Prompt: The lines from the first line of the entries through the line containing "- Removable Adhesive" are to be repeated exactly, with both of those lines included.

[Stored items]
· · ·
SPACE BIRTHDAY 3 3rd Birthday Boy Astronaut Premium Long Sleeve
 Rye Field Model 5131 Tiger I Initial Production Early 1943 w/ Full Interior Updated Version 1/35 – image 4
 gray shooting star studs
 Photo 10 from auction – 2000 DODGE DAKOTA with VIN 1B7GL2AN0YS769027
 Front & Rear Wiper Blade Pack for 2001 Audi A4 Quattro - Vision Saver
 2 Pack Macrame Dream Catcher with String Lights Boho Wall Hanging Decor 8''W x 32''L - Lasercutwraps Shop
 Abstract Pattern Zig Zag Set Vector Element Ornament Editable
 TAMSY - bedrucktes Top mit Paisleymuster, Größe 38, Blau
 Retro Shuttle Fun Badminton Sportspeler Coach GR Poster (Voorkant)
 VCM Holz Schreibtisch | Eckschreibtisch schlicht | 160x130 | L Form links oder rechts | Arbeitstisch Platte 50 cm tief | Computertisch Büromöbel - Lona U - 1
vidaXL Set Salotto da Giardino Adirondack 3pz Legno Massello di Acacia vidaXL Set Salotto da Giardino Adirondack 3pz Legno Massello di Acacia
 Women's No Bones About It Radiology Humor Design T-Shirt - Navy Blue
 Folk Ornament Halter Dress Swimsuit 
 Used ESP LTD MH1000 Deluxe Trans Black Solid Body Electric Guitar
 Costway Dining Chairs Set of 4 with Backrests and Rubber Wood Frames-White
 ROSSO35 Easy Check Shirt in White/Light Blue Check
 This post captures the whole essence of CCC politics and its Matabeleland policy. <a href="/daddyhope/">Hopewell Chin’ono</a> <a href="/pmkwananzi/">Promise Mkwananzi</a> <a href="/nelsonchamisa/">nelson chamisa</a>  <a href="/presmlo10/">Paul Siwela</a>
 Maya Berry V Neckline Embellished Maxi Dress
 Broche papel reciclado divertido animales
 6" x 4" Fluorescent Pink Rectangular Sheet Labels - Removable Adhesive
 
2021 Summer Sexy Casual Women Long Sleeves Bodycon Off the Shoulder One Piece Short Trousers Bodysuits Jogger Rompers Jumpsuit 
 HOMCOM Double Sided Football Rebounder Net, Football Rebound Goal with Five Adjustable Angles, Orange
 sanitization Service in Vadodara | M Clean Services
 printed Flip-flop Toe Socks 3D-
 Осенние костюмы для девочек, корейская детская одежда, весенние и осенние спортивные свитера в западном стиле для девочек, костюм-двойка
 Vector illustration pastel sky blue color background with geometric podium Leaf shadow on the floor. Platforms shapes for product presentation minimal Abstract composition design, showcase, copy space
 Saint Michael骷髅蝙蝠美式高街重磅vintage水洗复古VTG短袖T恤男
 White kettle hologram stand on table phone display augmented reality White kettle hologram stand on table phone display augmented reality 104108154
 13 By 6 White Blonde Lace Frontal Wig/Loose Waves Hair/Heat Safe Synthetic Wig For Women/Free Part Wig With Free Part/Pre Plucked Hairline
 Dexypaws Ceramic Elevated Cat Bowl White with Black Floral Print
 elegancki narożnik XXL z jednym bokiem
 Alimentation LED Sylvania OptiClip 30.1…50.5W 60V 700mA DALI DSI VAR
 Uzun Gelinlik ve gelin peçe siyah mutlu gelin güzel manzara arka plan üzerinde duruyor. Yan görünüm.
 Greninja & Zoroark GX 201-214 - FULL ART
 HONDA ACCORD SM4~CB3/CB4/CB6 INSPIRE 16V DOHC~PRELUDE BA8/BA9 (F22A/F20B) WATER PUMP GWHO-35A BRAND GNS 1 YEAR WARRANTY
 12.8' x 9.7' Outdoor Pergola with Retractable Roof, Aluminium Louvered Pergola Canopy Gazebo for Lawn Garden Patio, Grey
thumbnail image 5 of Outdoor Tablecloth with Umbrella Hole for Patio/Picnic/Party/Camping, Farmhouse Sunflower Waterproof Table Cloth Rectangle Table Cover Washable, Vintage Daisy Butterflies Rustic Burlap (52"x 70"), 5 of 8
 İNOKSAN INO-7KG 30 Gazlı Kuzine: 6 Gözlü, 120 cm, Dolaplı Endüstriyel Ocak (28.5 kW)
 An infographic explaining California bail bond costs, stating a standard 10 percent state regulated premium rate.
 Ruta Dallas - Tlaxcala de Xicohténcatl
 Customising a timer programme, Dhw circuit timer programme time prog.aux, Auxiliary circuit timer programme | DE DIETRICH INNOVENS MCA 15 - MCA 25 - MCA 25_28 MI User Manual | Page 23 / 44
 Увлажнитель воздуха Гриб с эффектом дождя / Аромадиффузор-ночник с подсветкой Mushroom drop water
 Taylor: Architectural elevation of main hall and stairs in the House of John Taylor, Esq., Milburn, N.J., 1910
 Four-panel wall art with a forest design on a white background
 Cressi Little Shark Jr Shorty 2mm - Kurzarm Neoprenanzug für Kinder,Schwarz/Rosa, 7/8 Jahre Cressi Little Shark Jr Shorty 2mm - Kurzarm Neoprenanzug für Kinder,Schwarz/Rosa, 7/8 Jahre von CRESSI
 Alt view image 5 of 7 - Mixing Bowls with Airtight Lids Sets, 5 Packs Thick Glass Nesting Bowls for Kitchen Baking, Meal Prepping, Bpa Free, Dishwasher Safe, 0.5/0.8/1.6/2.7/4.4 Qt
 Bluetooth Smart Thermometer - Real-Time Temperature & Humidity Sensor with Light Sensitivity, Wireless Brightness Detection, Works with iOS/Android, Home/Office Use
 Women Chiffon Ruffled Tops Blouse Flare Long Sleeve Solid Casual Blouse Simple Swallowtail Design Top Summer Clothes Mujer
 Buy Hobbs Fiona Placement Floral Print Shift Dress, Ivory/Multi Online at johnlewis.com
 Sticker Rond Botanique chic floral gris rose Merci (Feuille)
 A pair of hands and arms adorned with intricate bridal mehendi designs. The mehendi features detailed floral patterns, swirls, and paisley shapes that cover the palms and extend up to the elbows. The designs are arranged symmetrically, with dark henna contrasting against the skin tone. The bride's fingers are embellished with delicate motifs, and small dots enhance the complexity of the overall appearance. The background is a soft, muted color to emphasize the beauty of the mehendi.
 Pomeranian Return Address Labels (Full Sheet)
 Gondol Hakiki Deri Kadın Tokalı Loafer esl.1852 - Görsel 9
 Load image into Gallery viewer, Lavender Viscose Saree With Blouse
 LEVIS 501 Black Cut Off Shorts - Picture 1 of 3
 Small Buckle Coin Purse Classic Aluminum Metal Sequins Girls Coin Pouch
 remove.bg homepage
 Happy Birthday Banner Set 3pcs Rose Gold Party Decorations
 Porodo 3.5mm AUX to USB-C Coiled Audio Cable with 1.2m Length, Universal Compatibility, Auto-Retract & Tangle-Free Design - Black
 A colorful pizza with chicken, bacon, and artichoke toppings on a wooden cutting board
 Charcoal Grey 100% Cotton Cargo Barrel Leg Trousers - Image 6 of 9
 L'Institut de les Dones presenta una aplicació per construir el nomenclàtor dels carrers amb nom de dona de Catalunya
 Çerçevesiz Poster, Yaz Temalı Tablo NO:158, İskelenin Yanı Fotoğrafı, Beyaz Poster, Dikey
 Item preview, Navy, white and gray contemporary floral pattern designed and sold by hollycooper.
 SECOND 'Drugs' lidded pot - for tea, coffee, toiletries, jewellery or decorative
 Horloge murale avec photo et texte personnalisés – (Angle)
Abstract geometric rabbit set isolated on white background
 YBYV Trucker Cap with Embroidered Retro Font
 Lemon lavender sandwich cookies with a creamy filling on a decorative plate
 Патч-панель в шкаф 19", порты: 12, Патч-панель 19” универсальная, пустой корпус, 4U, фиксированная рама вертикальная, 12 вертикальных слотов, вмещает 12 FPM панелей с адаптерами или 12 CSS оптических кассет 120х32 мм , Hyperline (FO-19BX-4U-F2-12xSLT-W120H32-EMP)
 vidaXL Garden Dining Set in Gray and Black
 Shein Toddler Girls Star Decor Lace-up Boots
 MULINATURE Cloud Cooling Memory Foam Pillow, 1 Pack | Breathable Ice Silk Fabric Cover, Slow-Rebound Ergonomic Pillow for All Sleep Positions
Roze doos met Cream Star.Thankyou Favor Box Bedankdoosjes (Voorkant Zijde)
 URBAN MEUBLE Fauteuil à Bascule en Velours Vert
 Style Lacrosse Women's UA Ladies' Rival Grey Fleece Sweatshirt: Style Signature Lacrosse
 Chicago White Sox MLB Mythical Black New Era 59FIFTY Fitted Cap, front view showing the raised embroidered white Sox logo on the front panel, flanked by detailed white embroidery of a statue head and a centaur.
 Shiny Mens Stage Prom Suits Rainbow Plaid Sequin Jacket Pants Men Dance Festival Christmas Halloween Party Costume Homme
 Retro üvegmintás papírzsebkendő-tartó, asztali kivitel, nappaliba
· · ·
Expected answer:
SPACE BIRTHDAY 3 3rd Birthday Boy Astronaut Premium Long Sleeve
 Rye Field Model 5131 Tiger I Initial Production Early 1943 w/ Full Interior Updated Version 1/35 – image 4
 gray shooting star studs
 Photo 10 from auction – 2000 DODGE DAKOTA with VIN 1B7GL2AN0YS769027
 Front & Rear Wiper Blade Pack for 2001 Audi A4 Quattro - Vision Saver
 2 Pack Macrame Dream Catcher with String Lights Boho Wall Hanging Decor 8''W x 32''L - Lasercutwraps Shop
 Abstract Pattern Zig Zag Set Vector Element Ornament Editable
 TAMSY - bedrucktes Top mit Paisleymuster, Größe 38, Blau
 Retro Shuttle Fun Badminton Sportspeler Coach GR Poster (Voorkant)
 VCM Holz Schreibtisch | Eckschreibtisch schlicht | 160x130 | L Form links oder rechts | Arbeitstisch Platte 50 cm tief | Computertisch Büromöbel - Lona U - 1
vidaXL Set Salotto da Giardino Adirondack 3pz Legno Massello di Acacia vidaXL Set Salotto da Giardino Adirondack 3pz Legno Massello di Acacia
 Women's No Bones About It Radiology Humor Design T-Shirt - Navy Blue
 Folk Ornament Halter Dress Swimsuit 
 Used ESP LTD MH1000 Deluxe Trans Black Solid Body Electric Guitar
 Costway Dining Chairs Set of 4 with Backrests and Rubber Wood Frames-White
 ROSSO35 Easy Check Shirt in White/Light Blue Check
 This post captures the whole essence of CCC politics and its Matabeleland policy. <a href="/daddyhope/">Hopewell Chin’ono</a> <a href="/pmkwananzi/">Promise Mkwananzi</a> <a href="/nelsonchamisa/">nelson chamisa</a>  <a href="/presmlo10/">Paul Siwela</a>
 Maya Berry V Neckline Embellished Maxi Dress
 Broche papel reciclado divertido animales
 6" x 4" Fluorescent Pink Rectangular Sheet Labels - Removable Adhesive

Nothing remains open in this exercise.